E, a partir da Palm Court, por um caminho em linha reta batizado de Paseo Point, é possível chegar ao Paradise Plaza, local de eventos de arquitetura moderna que se transforma facilmente em qualquer ocasião. É aqui que fica um dos restaurantes mais emblemáticos da cidade – e um dos meus prediletos.

Falo do L’Atelier de Joël Robuchon, que desembarcou na região em 2019 e agitou a cena gastronômica da cidade. É uma parada para um jantar delicioso e rebuscado, que nos apresenta um menu-degustação para lá de saboroso e instigante.

Com uma decoração contemporânea e de cor predominantemente vermelha, o balcão de 34 lugares é o melhor lugar para apreciar o trabalho duro que a equipe emprega para seguir os passos do Sr. Robuchon – um dos melhores chefs do mundo que foi condecorado com cerca de 32 estrelas Michelin ao longo da carreira.

  • Daniela Filomeno no balcão do L’Atelier Joel Robuchon em MiamiCrédito: CNN Viagem & Gastronomia
  • Caviar e lagosta do Maine, geleia de crustáceos e creme de aipoCrédito: Daniela Filomeno
  • Massa com trufa negra
  • Vieiras servidas em caldo de coentro, emulsão de coco e lula
  • Após as etapas principais, sobremesa que mais se parece uma obra de arte encerra menu-degustação da casa

Assim, não experimentamos uma comida francesa tradicional, mas uma cozinha inventiva com um pouco de influência internacional. Na casa, apostei no menu-degustação chamado de “Evolução Gustativa”, uma sequência de sete tempos: seis pratos saborosos e uma sobremesa (US$ 255). É o menu mais popular da casa, podendo ser harmonizado com vinhos também.
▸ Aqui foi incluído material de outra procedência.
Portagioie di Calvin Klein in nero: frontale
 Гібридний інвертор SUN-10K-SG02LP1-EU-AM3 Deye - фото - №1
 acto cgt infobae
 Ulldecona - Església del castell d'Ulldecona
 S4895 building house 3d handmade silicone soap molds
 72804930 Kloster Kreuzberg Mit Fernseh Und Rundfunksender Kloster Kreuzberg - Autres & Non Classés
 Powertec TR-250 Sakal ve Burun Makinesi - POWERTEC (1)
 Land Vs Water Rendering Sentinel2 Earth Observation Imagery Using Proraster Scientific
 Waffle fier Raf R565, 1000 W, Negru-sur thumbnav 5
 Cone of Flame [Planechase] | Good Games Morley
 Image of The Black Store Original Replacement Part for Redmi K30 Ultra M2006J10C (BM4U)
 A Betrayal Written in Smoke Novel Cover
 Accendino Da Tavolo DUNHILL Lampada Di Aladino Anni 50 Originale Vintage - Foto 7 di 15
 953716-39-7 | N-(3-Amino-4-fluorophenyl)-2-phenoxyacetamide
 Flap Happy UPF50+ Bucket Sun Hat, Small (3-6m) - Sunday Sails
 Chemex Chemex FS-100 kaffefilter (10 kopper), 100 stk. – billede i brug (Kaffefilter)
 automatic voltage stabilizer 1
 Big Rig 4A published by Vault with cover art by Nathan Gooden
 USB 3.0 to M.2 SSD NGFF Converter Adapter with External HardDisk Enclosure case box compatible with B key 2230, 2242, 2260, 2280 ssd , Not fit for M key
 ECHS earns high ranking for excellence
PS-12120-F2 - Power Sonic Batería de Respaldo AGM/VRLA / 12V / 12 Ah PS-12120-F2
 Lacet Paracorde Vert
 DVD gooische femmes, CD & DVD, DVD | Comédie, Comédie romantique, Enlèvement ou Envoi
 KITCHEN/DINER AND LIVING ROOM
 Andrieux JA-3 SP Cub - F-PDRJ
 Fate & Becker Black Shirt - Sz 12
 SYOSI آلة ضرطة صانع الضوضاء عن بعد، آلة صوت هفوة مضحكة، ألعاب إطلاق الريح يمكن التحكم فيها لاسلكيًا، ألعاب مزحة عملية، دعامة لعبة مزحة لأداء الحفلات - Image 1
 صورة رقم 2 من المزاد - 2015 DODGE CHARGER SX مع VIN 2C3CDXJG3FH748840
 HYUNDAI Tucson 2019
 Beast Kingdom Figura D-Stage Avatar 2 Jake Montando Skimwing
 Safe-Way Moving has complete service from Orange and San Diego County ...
Na boca, diferentes texturas e sabores que impressionam. Os pratos são lindos, bem montados, com uma apresentação que comemos imediatamente com os olhos. Começamos com amuse-bouche com foie gras real e vinho do Porto.

Lagosta com caviar russo e maçã verde, black cod fresco supermacio e pequena costela de wagyu servida com cogumelos maitake com mousse de alcachofra e purê de batatas são algumas das delícias que se destacaram – e muito – para mim.

Inclusive, a dica é experimentar o purê de batatas de Robuchon: é sem igual de tão cremoso, e se assemelha a um queijo. Ótima maneira de terminar a noite e celebrar Miami.